But lest all these guitarings and airy nothings of the gentle social life here should become oversweet, we can slip away from the rose-garden and climb up into the vineyards of the rustic podere that speak of wholesome peasant labour, of tillage—the first principle of man’s existence on earth—and, among the practical pole-vines that bear the true wine-making grapes (not the dessert fruit of the garden pergola), have a quiet talk.

The starry sky is disclosed almost round the entire circle of the horizon, with “Firenze la gentile” in the distance on our right, the Apennine in front, and the sleeping plain trending away to the left to be lost in mystery. I want to talk to you of our experience of Italy the Beloved, from our earliest childhood until to-day.

What a happy chance it was that our parents should have been so taken with the Riviera di Levante as to return there winter after winter, alternately with the summers spent in gentle Kent or Surrey, during our childhood; not the French Riviera which has since become so sophisticated, but that purely Italian stretch of coast to the east of Genoa, ending in Porto Fino, that promontory which you and I will always hold as a sacred bit of the world. Why? There are as lovely promontories jutting out into the Mediterranean elsewhere? The child’s love for the scenes of its early friendships with nature is a jealous love.

Our relations by marriage with the B. family admitted us into the centre of a very typical Italian home of the old order. I suppose that life was very like the life of eighteenth-century England—the domestic habits were curiously alike, and I cannot say I regret that their vogue is passing. We are thought to be so ridiculously fastidious, noi altri inglesi, and our parents were certainly not exceptional in this respect, and suffered accordingly.

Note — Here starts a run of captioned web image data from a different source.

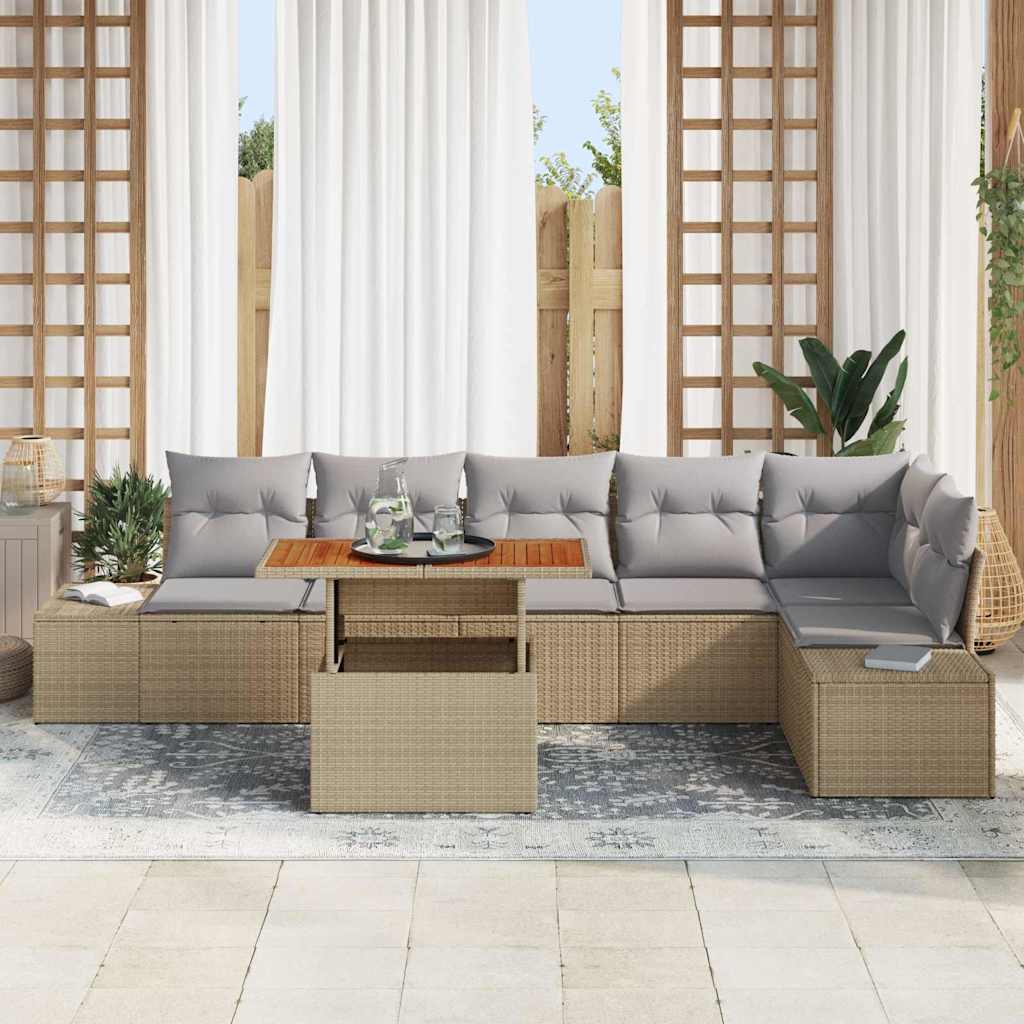 Conjunto de sofá de jardín 7 pcs Beige Poliratán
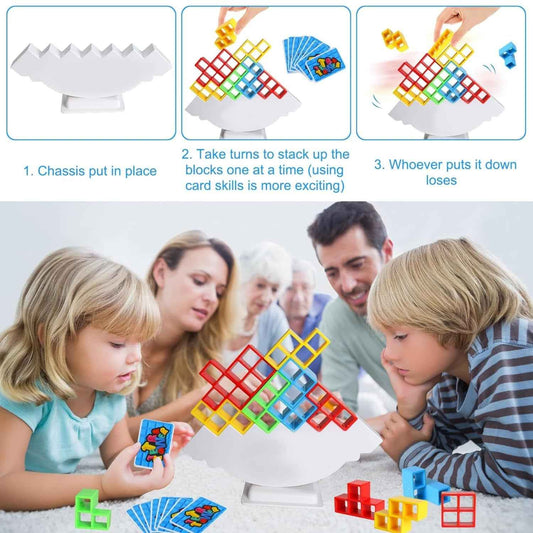 3d Tower Game Tower Balance Game Tower Stacking Game Adult Kid Tower Stacking Blocks Balance Game Blocks Building Toys For Kids Age 3+ Years (16 Pcs Set)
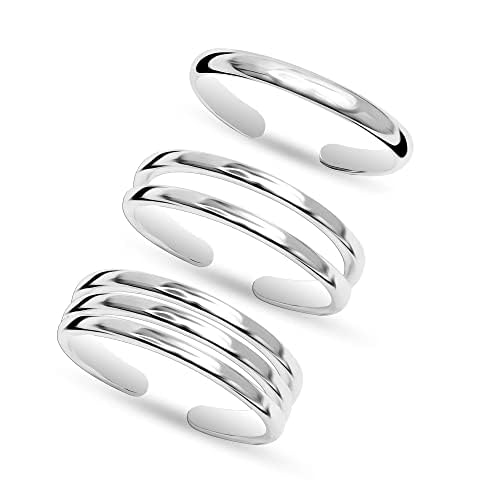 3 Pcs Sterling Silver Toe Ring Jewelry Set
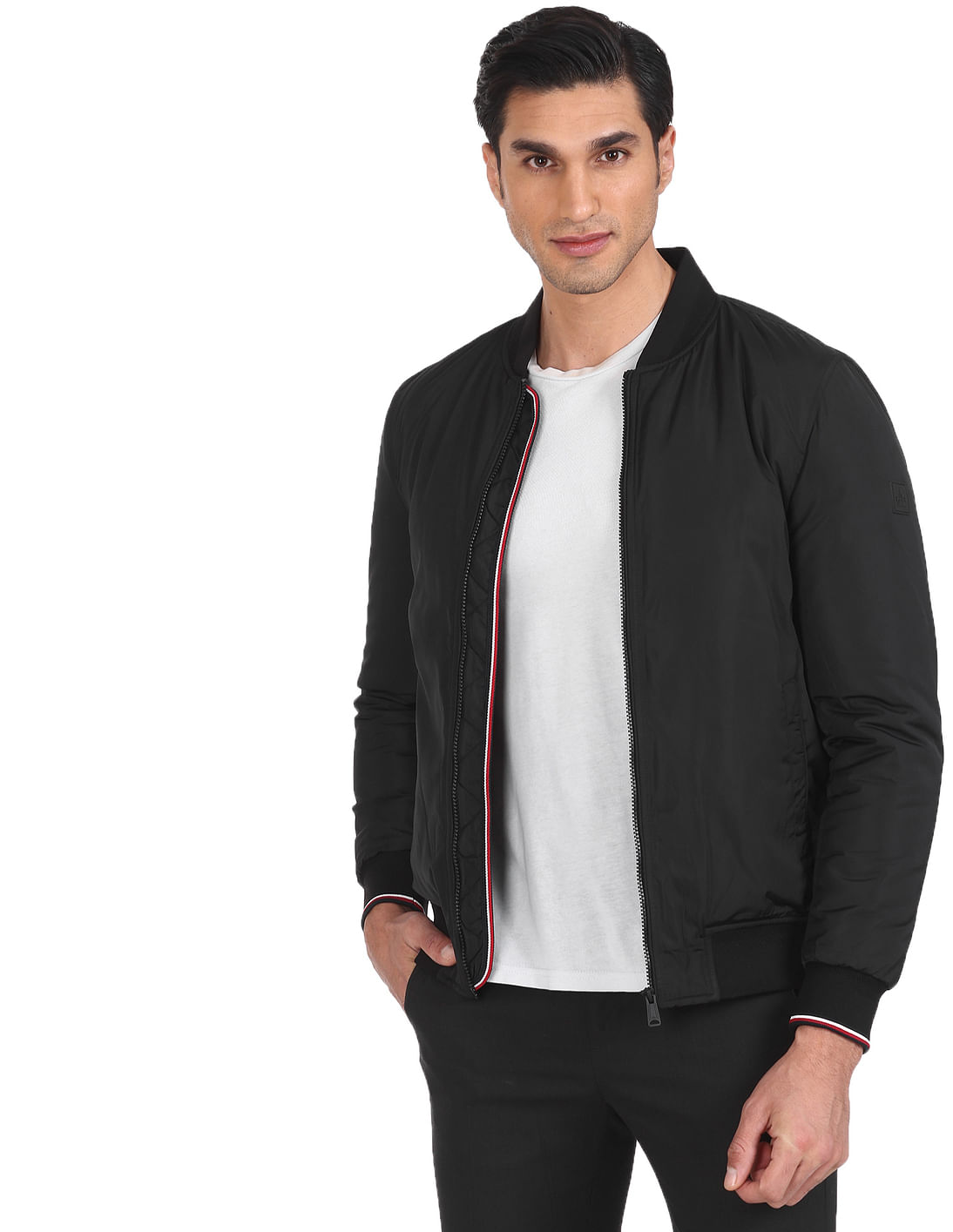 Buy Arrow Sports Stand Collar Solid Jacket - NNNOW.com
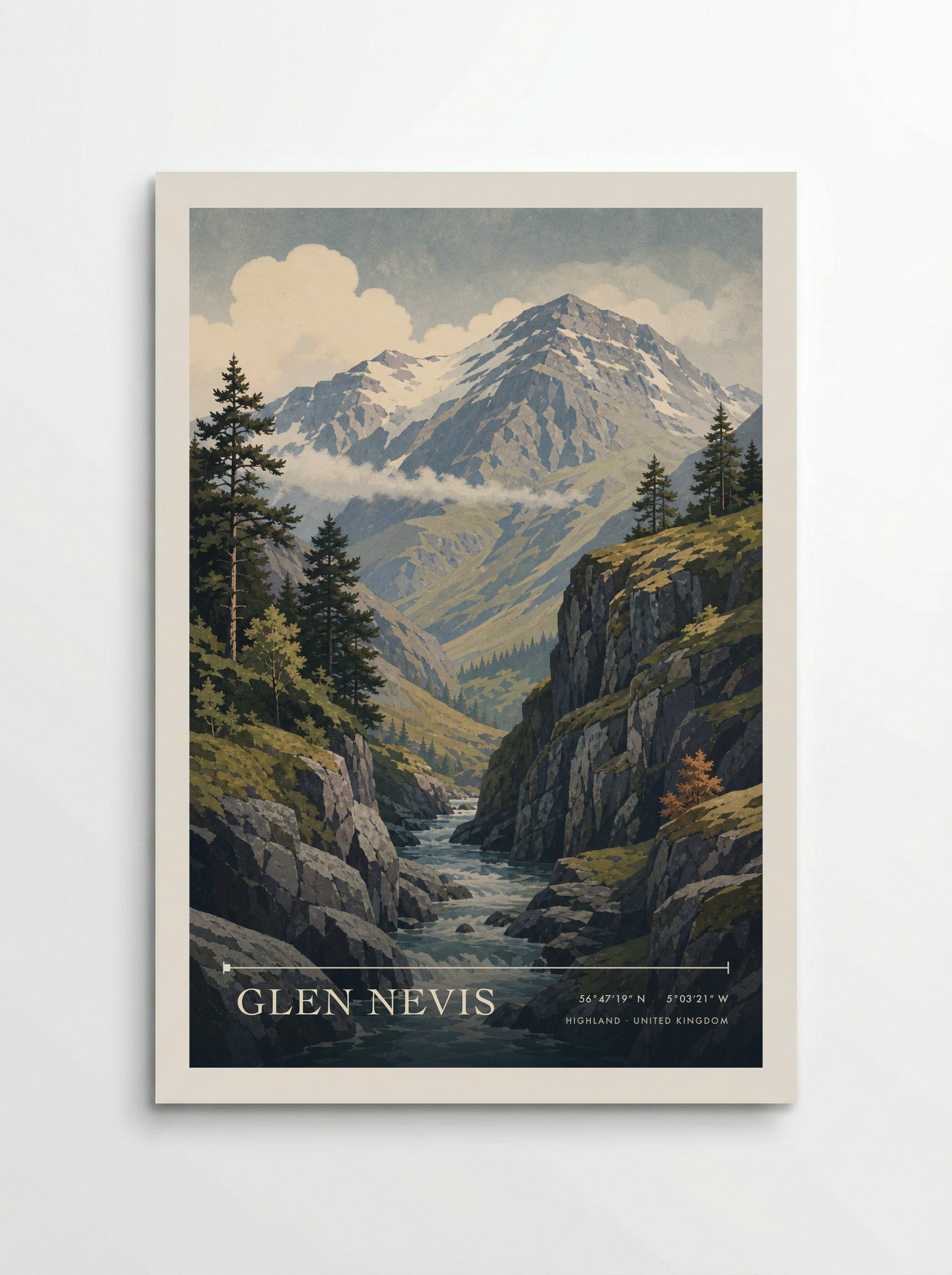 Glen Nevis Highland United Kingdom Travel Poster - Poster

The master of the house, the autocratic padrone, had been in the Italian Legion in Napoleon’s Russian campaign, as you may remember, and the retreat from Moscow had apparently left certain indelible cicatrices on the old gentleman’s temper. I can hear his stentorian voice even now calling to the servant (I think there was only one “living in,” though there were about a dozen hangers-on) in the rambling old Palazzo without bells. “O—O—O, Mariuccia!” “Padrone!” you heard in a feminine treble from the remote regions of the kitchen upstairs, somewhere. Mariuccia would generally get a bit of the Italian legionary’s mind when she came tumbling down the marble stairs. Madame la Generale appeared in the morning with a red handkerchief on her head and remained in corsetless déshabillé till the afternoon. Genoese was the home language, French was for society. No one spoke real Italian. They had not yet begun to “Toscaneggiare,” as it grew to be the fashion to do when Italy became united. Don’t you dislike to hear them?